Durante a conversa, Dayan afirmou com firmeza que Jerusalém permaneceria judaica, rejeitando a retirada para as fronteiras de 1967. Ele enfatizou a manutenção da identidade judaica do país e a não volta dos desenraizados. Dayan admitiu que suas ações trouxeram o nacionalismo árabe para a região, considerando isso um fato. No entanto, ele via essa mudança como a chave para a solução, não apenas uma questão de fronteiras. Sobre a retirada, o Ministro afirmou que não se retirariam de Sharm el-Sheikh [atual Egito], mas estariam abertos a discutir um acordo temporário nessa região. Em relação à iniciativa de paz, ele considerou apropriada, mas questionou o que poderiam oferecer sem comprometer a posição de Israel, expressando preocupação com mudanças no equilíbrio militar em caso de retirada total ou para as fronteiras de 1967, argumentando que uma retirada total poderia ser interpretada como uma fragilidade estratégica pelos países árabes, potencialmente incentivando a crença de que Israel poderia ser destruído.

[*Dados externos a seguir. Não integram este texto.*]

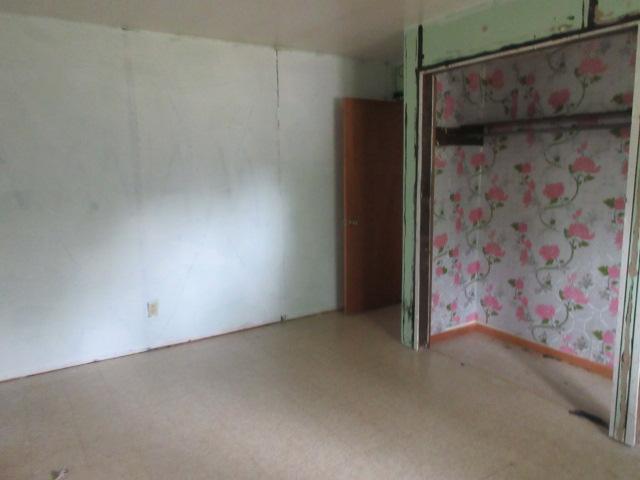 1963 single family home for sale at 1029 Elm Avenue in Hallock, MN — 3 bed, 2 bath (photo 39 of 42)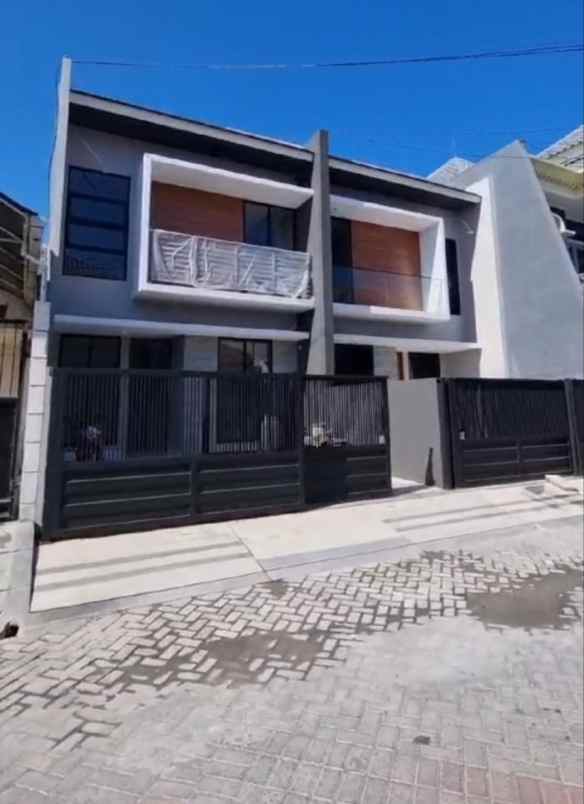 dijual rumah manyar kertoadi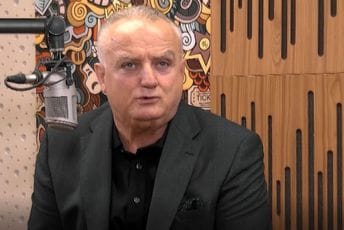 Zenka: Abazović je prema svima bio nekorektan, nikada nismo vidjeli sadržaj sporazuma o manjinskoj vladi Zenka: Abazović je prema svima bio nekorektan, nikada nismo vidjeli sadržaj sporazuma o manjinskoj vladi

Além de questões militares, parte fascinante dessa discussão girou em torno da visão de filósofo alemão sobre a possibilidade de um Estado palestino coexistir ao lado de Israel. Marcuse, conhecido por sua perspectiva crítica e seu compromisso com a justiça social, advogou pela criação de um estado palestino independente ou, alternativamente, por uma federação que incluísse Israel ou a Jordânia. Essa proposta de coexistência e compartilhamento de territórios buscava, de acordo com Marcuse, atender às aspirações nacionais legítimas do povo palestino.

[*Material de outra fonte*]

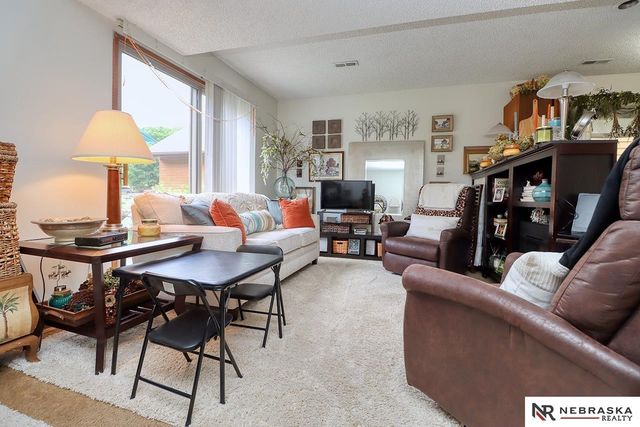 3440 S 39th Street, Lincoln, NE 68506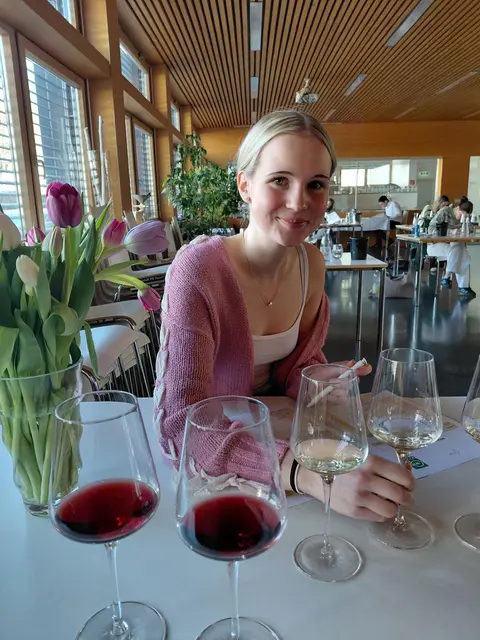 Foto: Weinexpertenprüfung an der HLW Spittal - Tages der Erfolgers (c) hlwspittal Medienteam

No entanto, o Ministro demonstrou ceticismo em relação a essa proposta. Seu ceticismo pode ser interpretado à luz das complexas dinâmicas políticas e de segurança que caracterizavam a região naquele período.

Essa divergência de perspectivas sobre a criação de um estado palestino ao lado de Israel ilustra a complexidade intrínseca das negociações na época e destaca como diferentes atores viam as soluções para a questão palestina de maneiras diversas e, por vezes, conflitantes. Essas discussões ecoam até os dias de hoje, influenciando os debates contemporâneos sobre a busca por uma paz duradoura no Oriente Médio.

“Sou um filósofo, não um político”

A conversa entre Marcuse e Dayan evidenciou as preocupações do filósofo com uma iminente guerra entre Israel e os países árabes. Marcuse, enfatizando sua identidade como filósofo, expressou temores sobre a motivação árabe para o conflito. Essas apreensões foram menosprezadas por Dayan que subestimou a possibilidade de uma guerra.

A declaração de Marcuse, “Sou um filósofo, não um político”, proferida durante sua entrevista ao jornal Haaretz, fornece um contexto fundamental para a abordagem analítica que ele adotava diante dos acontecimentos políticos. À medida que a história se desenrolou, as preocupações expressas por Marcuse foram validadas pela eclosão da Guerra do Yom Kipur em 1973, evidenciando a pertinência de suas análises.

O genocídio atual

Marcuse previu uma nova guerra e acordos parciais, o que ressoa profundamente no atual conflito entre Israel e o Hamas, iniciado em 7 de outubro de 2023 e que já ultrapassou os 100 dias. As ações recentes de Israel, lideradas pelo primeiro-ministro Benjamin Netanyahu, intensificam a complexidade, frente a um processo sobre o genocídio palestino apresentado ao Tribunal de Haia pela África do Sul. Os impactos do conflito, evidenciados pelos números de vítimas, mais de 25 mil só em Gaza, e as dinâmicas na Cisjordânia, destacam a relevância contínua das análises de Marcuse e Dayan para entender as tensões no Oriente Médio.